Sir,

I read with interest the excellent series by Davies et al,1 describing maculopathy in patients using ‘poppers.’ Together with two recent series from France,2, 3 their report provides important evidence for an association between abuse of alkyl nitrite compounds and specific, sub-foveal changes. Whether this association is causal remains to be determined, and Davies et al suggest causality is likely.

What I find most striking about the cases attributed to ‘poppers maculopathy’ in the Davies series (and which is consistent with the two series from France) is the SD-OCT imaging—which has an uncanny resemblance to photic maculopathy (Figure 1). In both ‘poppers maculopathy’ and photic maculopathy, there is focal disruption of the IS-OS junction centred at the fovea.1, 2, 3, 4 Moreover, the size, shape, echogenicity, and temporal evolution of the SD-OCT lesions appear indistinguishable in the two conditions. Patients also present with the same symptoms (scotoma, reduced vision, and phosphenes) and have the same slit-lamp findings (a pale yellow foveal lesion).1, 2, 3, 4 Indeed, it appears that in people using poppers, the two conditions can only be reliably distinguished by eliciting a history of excess light exposure and not by clinical features.

Figure 1
figure 1

A comparison of SD-OCT images in (a) ‘poppers maculopathy’ as presented in Case 2 of Davies et al1 with (b) photic retinopathy in a 30-year-old male who presented to my clinic 2 weeks after sun-gazing. Notice the similarity in location, size, shape, and echogenecity of the respective lesions in the IS-OS junction.

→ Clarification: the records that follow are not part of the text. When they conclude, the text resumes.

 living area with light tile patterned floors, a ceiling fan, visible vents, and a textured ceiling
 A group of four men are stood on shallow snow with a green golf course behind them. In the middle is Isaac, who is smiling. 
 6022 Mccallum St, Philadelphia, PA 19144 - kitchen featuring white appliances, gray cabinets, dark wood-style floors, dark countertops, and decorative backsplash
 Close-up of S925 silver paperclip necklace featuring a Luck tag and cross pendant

Unfortunately, Davies et al1 did not report to what extent excessive light exposure was specifically queried in their patients. In the two French series,2, 3 all patients ‘denied staring at bright lights’—yet how reliable is their history? Poppers are frequently combined with psychotropic drugs and alcohol, which can alter consciousness and memory, potentially making history unreliable.5 Poppers themselves can cause transient visual hallucinations and heighten sensory perception5—effects that are known to increase light-gazing behaviour in other recreational drugs such as LSD.6 Poppers are frequently used in raves, where bright strobe lights and lasers are common.

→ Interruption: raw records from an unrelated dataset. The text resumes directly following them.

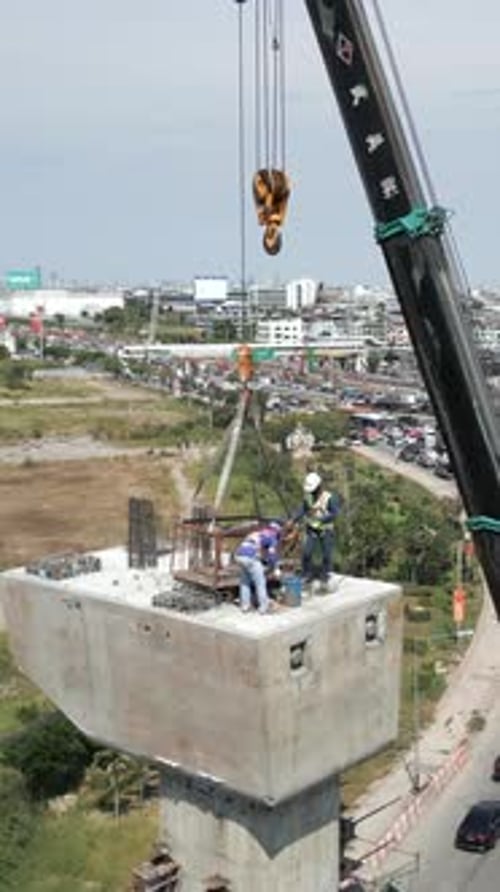 Drone View of Workers Placing Something on Top of a Beam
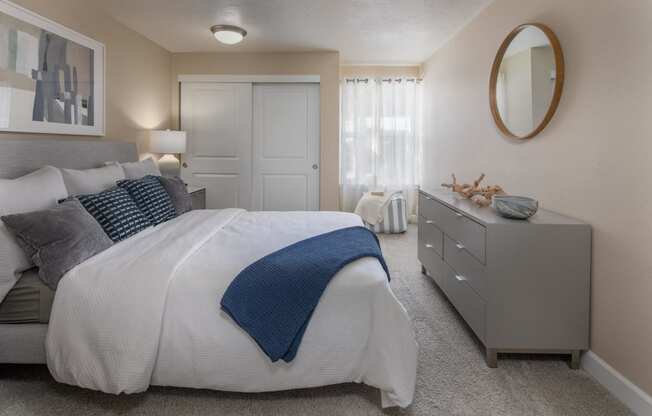 a bedroom with a large bed and a dresser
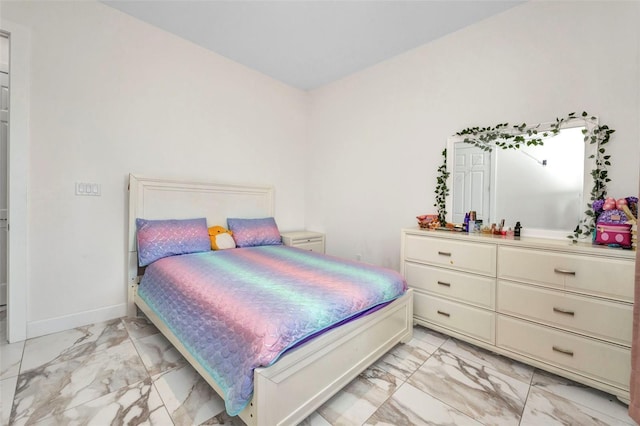 4213 Gardner Dr, Port Charlotte, FL 33952 - bedroom featuring light marble finish floors and baseboards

Given the points discussed, it should be crucial when considering the diagnosis of ‘poppers maculopathy’ to document a thorough history of the patient’s drug behaviour and light exposure. Do they take multiple drugs? Do they hallucinate or experience altered consciousness? Are they ever entranced by bright lights, candles, or the sun?

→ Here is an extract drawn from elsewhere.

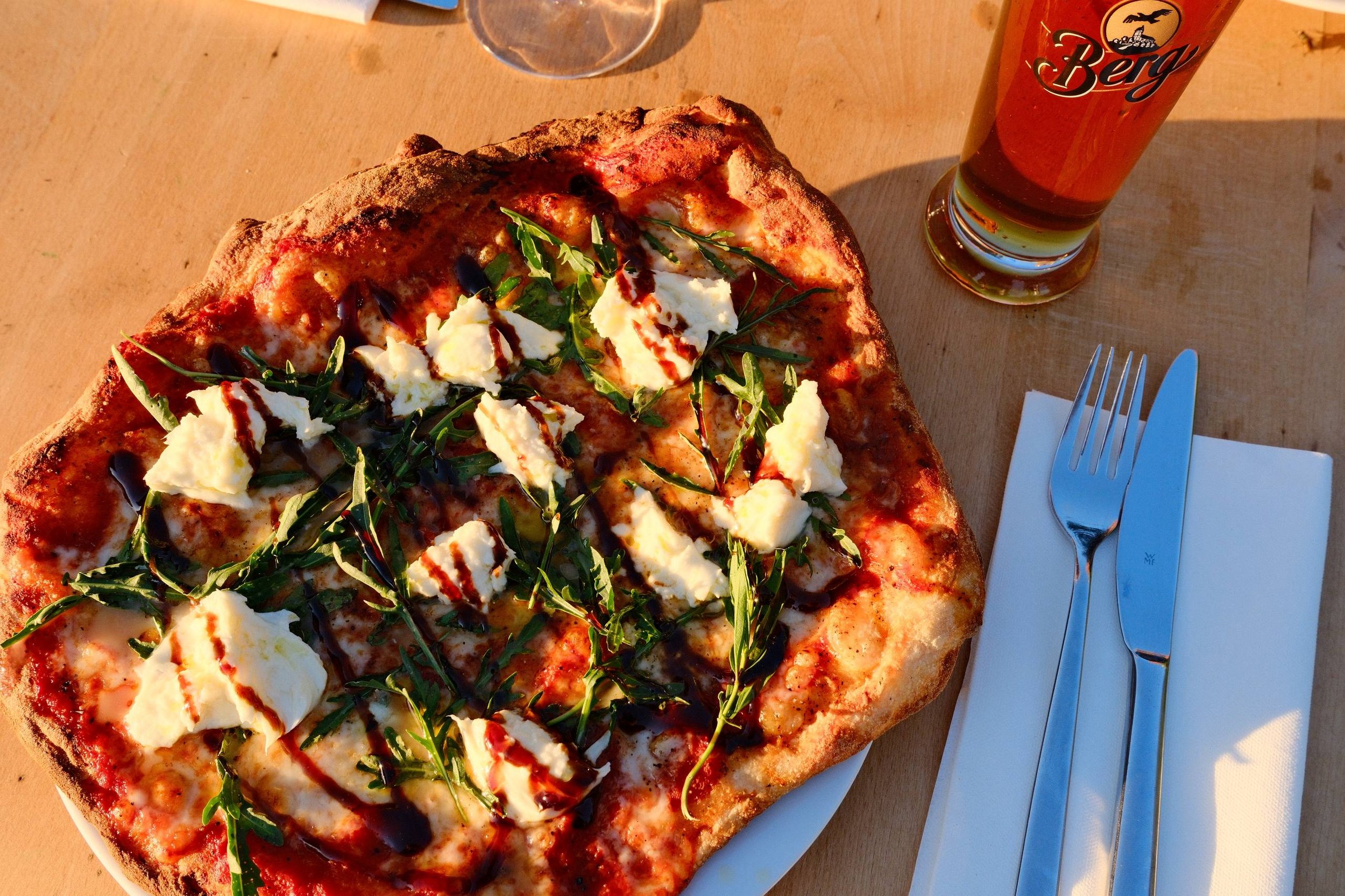 Pizza mit Tomatensauce, Mozzarella, Rucola und Balsamico auf einem weißen Teller, daneben ein Glas Wasser, auf einem Holztisch.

The endemic use of poppers4 and the mere handful of reports of maculopathy suggests that compounding factors or susceptibilities may be involved. It is not inconceivable that ‘poppers maculopathy’ represents a sub-group of patients who have unrecognised photic injury. If poppers maculopathy is indeed a distinct entity, then the remarkable ultrastructural similarity with photic injury suggests that the two conditions share a common pathophysiological pathway. Perhaps poppers lower the threshold for retinal phototoxicity or otherwise trigger a biochemical cascade identical to that induced by photic damage.